Social conservatives are decrying a New Jersey law that permits creating cloned children for research.
The bill, signed January 4 by Gov. James McGreevey, is the first to allow any human cloning. It permits implanting a cloned human embryo into a woman's uterus, where the embryo can grow into a fetus. In addition, the law allows "embryonic or cadaveric fetal tissue" to be donated for research.
"We laid out a vision to make New Jersey a leader in medical research and medical care," McGreevey said, "to give hope to the hundreds of thousands of families across the state affected by chronic and life-threatening disease."
Efforts to ban all forms of human cloning have stalled in the U.S. Senate. In July 2002, the President's Council on Bioethics recommended a complete ban on human cloning for reproduction but only a four-year moratorium on cloning for research.
Human cloning differs from sexual procreation, in which sperm and egg combine to form a human embryo. Instead, adult DNA is implanted into an egg to become a cloned human embryo and, later, a fetus or newborn baby.
Under the New Jersey law, human cloning can only be done for biomedical research, not reproduction. But opponents say the distinction is meaningless.

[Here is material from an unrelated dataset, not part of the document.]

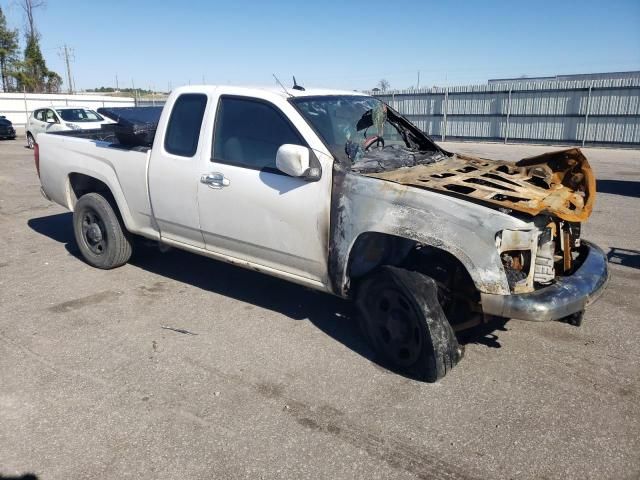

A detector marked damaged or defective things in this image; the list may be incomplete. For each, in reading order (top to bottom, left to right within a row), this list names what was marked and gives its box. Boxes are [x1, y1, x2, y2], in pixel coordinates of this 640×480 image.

fire-damaged pickup truck [35, 84, 608, 380]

"The ban can't be enforceable," said Robert George, a member of the President's Council on Bioethics and a professor of political science at Princeton University. "There's simply no way to force a woman to have an abortion if she doesn't way to destroy [the cloned human embryo or fetus]."
Opinion Roundup: 'Only Cellular Life'? | Christians, leaders, and bioethics watchdogs react to the announcement that human embryos have been cloned. (November 29, 2001)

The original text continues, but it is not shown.